Missbrauch: Fachaufsicht soll klären, wie Anzeige im Jahr 2013 "versanden" konnte

Mindestens 40 Opfer des Sportlehrers, der an einer Wiener Mittelschule tätig war, wurden identifiziert. Nun soll geprüft werden, weshalb die Justiz nicht früher tätig wurde.

Im Missbrauchsfall um einen Sportlehrer, der bis zu seinem Suizid im Mai 2019 an einer Wiener Mittelschule über 15 Jahre hinweg zumindest 40 unmündige Buben missbraucht und fotografiert bzw. gefilmt haben dürfte, hat das Justizministerium im Weg der Fachaufsicht einen Informationsbericht der Staatsanwaltschaft Wiener Neustadt angefordert.
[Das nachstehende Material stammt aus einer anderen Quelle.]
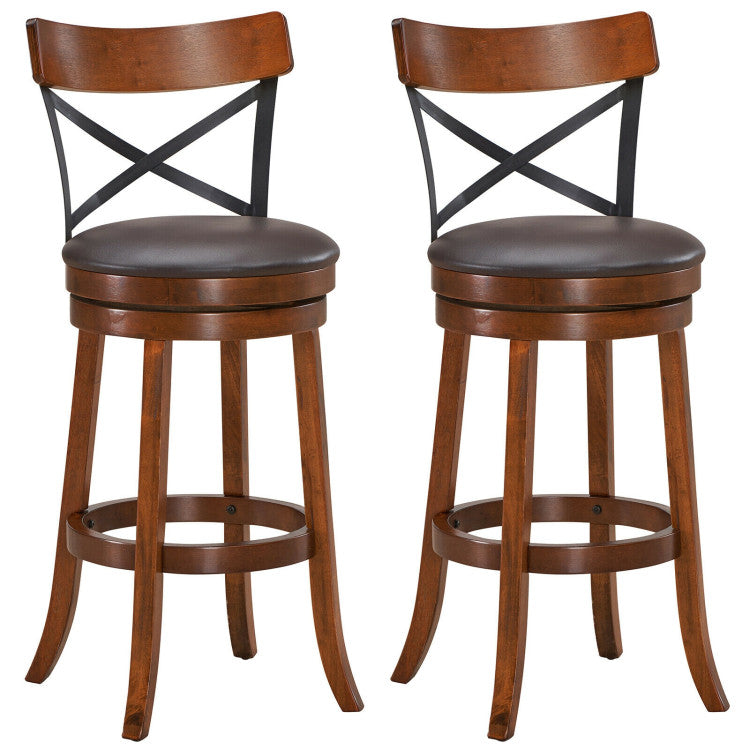 Set of 2 Bar Stools 360-Degree Swivel Solid Wood Dining Chairs with Soft Cushion and Ergonomic Backrest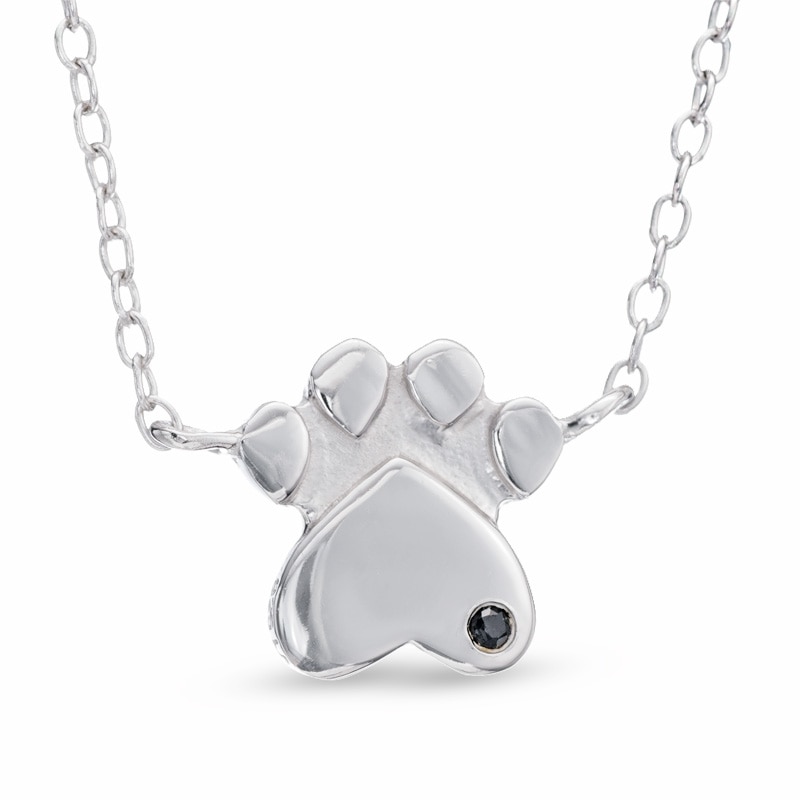 Black Diamond Accent Paw Print Necklace in Sterling Silver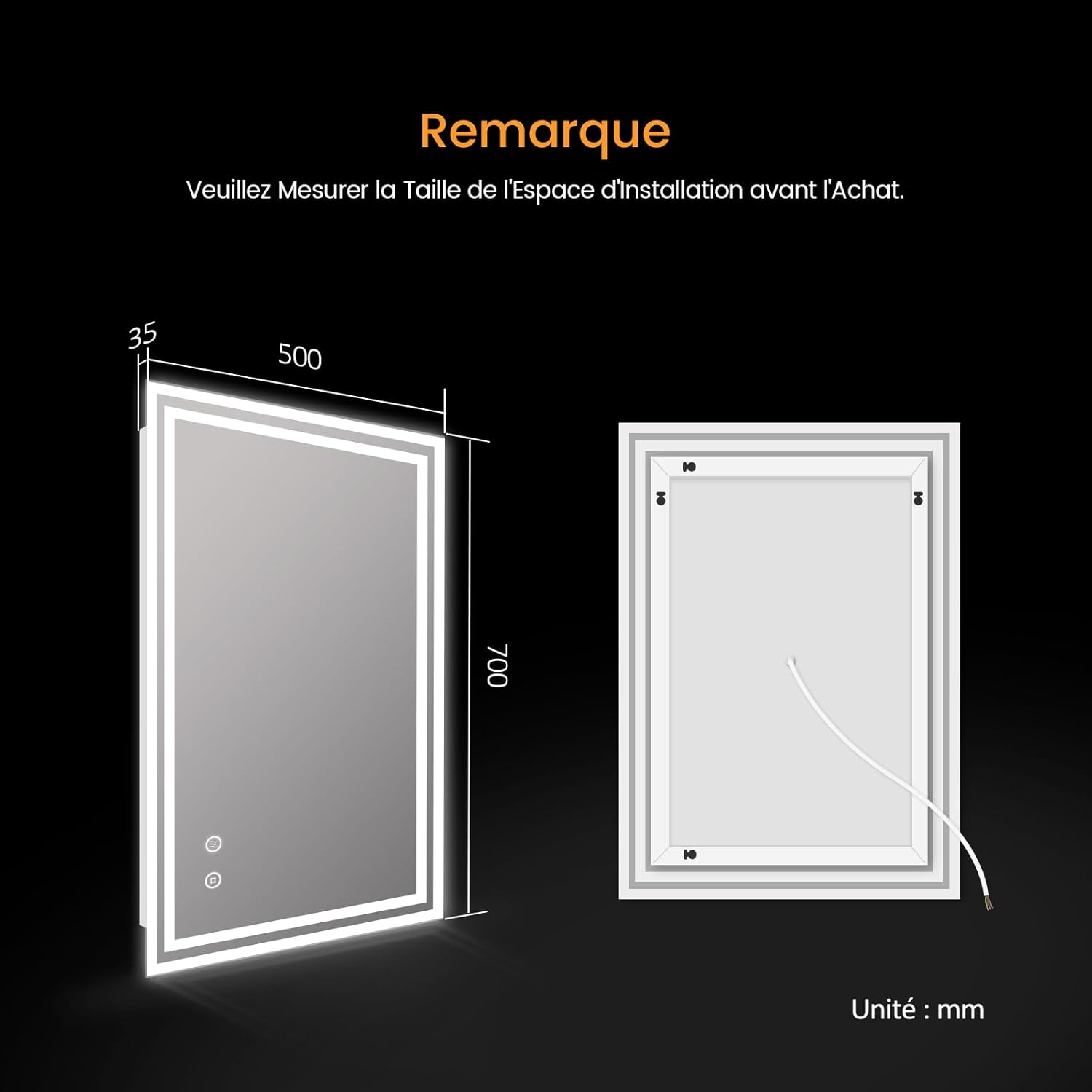 Emke Specchio da Bagno LED 50x70 cm - immagine 3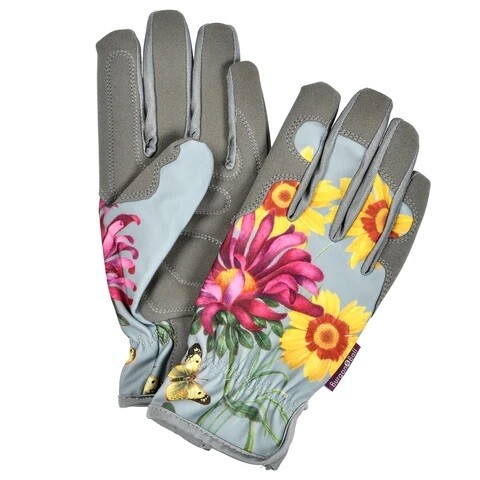 Asteraceae Design.  Light Duck Egg Blue with three yellow flowers and one purple flower design.
Gardening Gloves featuring this design trimmed and palm area in grey.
Dort wurde eine Anzeige wegen Amtsmissbrauchs eingebracht, um zu klären, wie eine erste Anzeige gegen den Pädagogen "versanden" konnte.
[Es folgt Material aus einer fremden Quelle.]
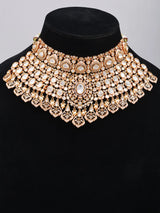 Kundan Bridal Choker Set with Maang Tikka and Hathphool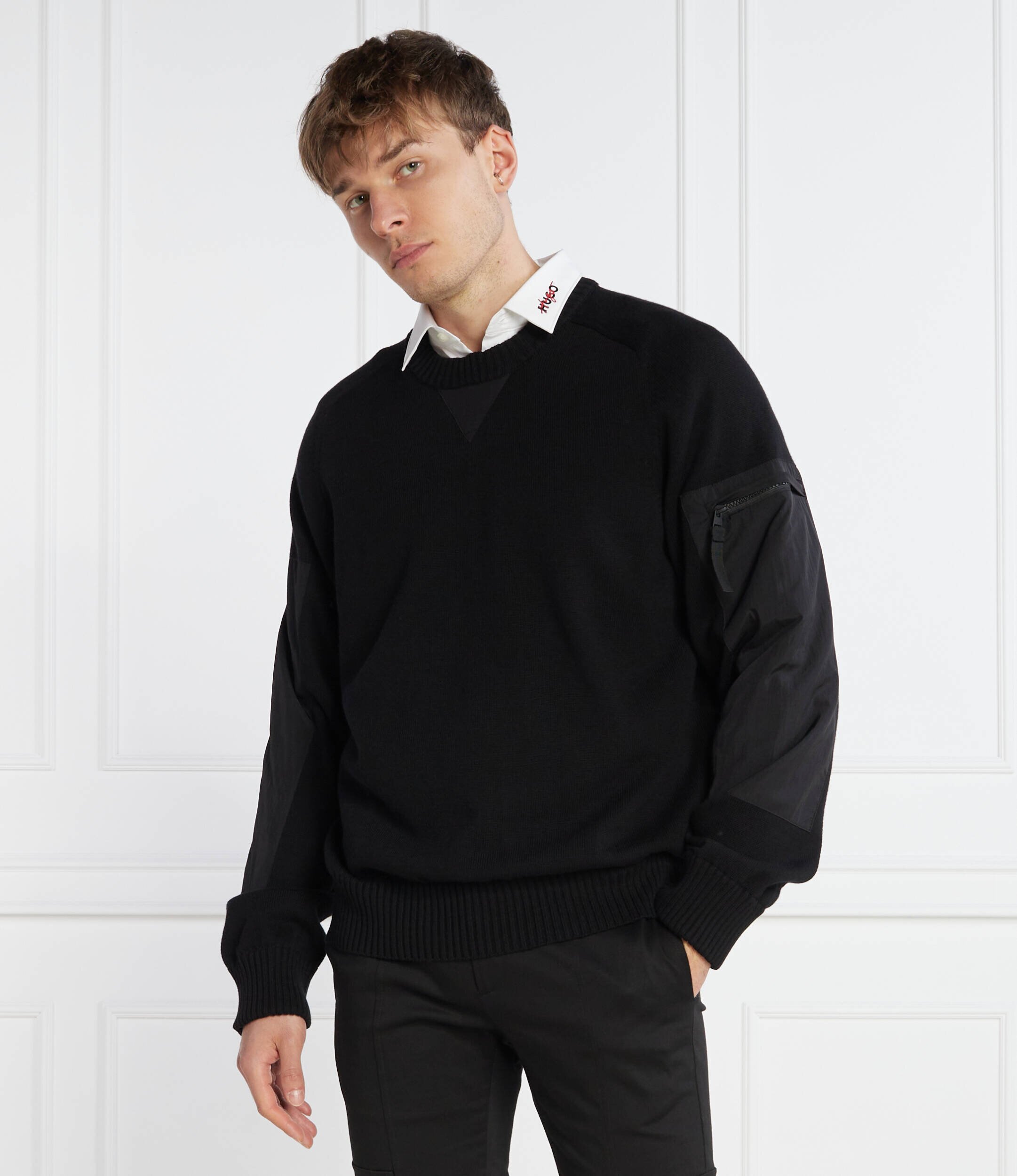 HUGO Pulover Sutil | Relaxed fit cu adaos de lână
Die Opfer-Anwältin Herta Bauer, die in diesem Aufsehen erregenden Fall mehrere von Missbrauch Betroffene vertritt, hatte Mitte November von Justizministerin Alma Zadic (Grüne) unter anderem Aufklärung darüber verlangt, was mit dieser ersten, bereits im Jahr 2013 gegen den Sportlehrer eingebrachten Anzeige geschehen ist. Ein ehemaliger Teilnehmer eines Feriencamps am Wolfgangsee hatte seinerzeit gegen den Lehrer, der in den Sommermonaten in dem Camp als Betreuer tätig war, wegen sexuellen Missbrauchs - dieser soll im Zuge einer Massage erfolgt sein - auf einer Polizeidienststelle in Niederösterreich Anzeige erstattet. Dem niederösterreichischen Landeskriminalamt zufolge wurde die Sachverhaltsdarstellung dann den örtlich zuständigen Strafverfolgungsbehörden übermittelt - bis zum heutigen Tag aber offenkundig von keiner Staatsanwaltschaft aufgegriffen.

Wäre die Anzeige dem Gesetz entsprechend bearbeitet und der Wiener Lehrer allenfalls wegen sexuellen Missbrauchs angeklagt worden, hätte er mutmaßlich nicht bis zum Mai 2019 an der Wiener Mittel- sowie einer angrenzenden Volksschule weiter unterrichten und im schulischen Bereich seiner pädophilen Neigung nachgehen können. Strafrechtliche Ermittlungen gegen den Pädagogen kamen erst ins Rollen, als ihn im April 2019 ein Ex-Schüler in Wien anzeigte. Nach dem Suizid des Lehrers Ende Mai desselben Jahres wurde das Ermittlungsverfahren gegen den an seiner Schule beliebten Sportlehrer seitens der Staatsanwaltschaft Wien eingestellt. Über das zum mysteriösen Verschwinden der 2013 gelegten Anzeige eingeleitete Ermittlungsverfahren hatte zuerst "Der Standard" berichtet.

Rechtliche Grundlage für „Meldekette“ schaffen

Der Wiener Bildungsdirektor Heinrich Himmer sprach sich am Montag für die Einführung einer österreichweit einheitlichen rechtlichen Grundlage für eine "Meldekette" bei Missbrauchsverdachtsfällen im Bildungsbereich aus. Das müsse man sich "im Detail ganz genau anschauen und uns überlegen, was wir tun können", sagte dazu Justizministerin Zadić am Dienstag auf Nachfrage bei einer Pressekonferenz zum Gewaltschutzgipfel. Was im Zusammenhang mit dem schulischen Missbrauchsfall ans Tageslicht gekommen sei, "ist unglaublich", sagte sie. "Wir müssen alles daran setzten, dass wir solche Sachen verhindern", so die Ministerin.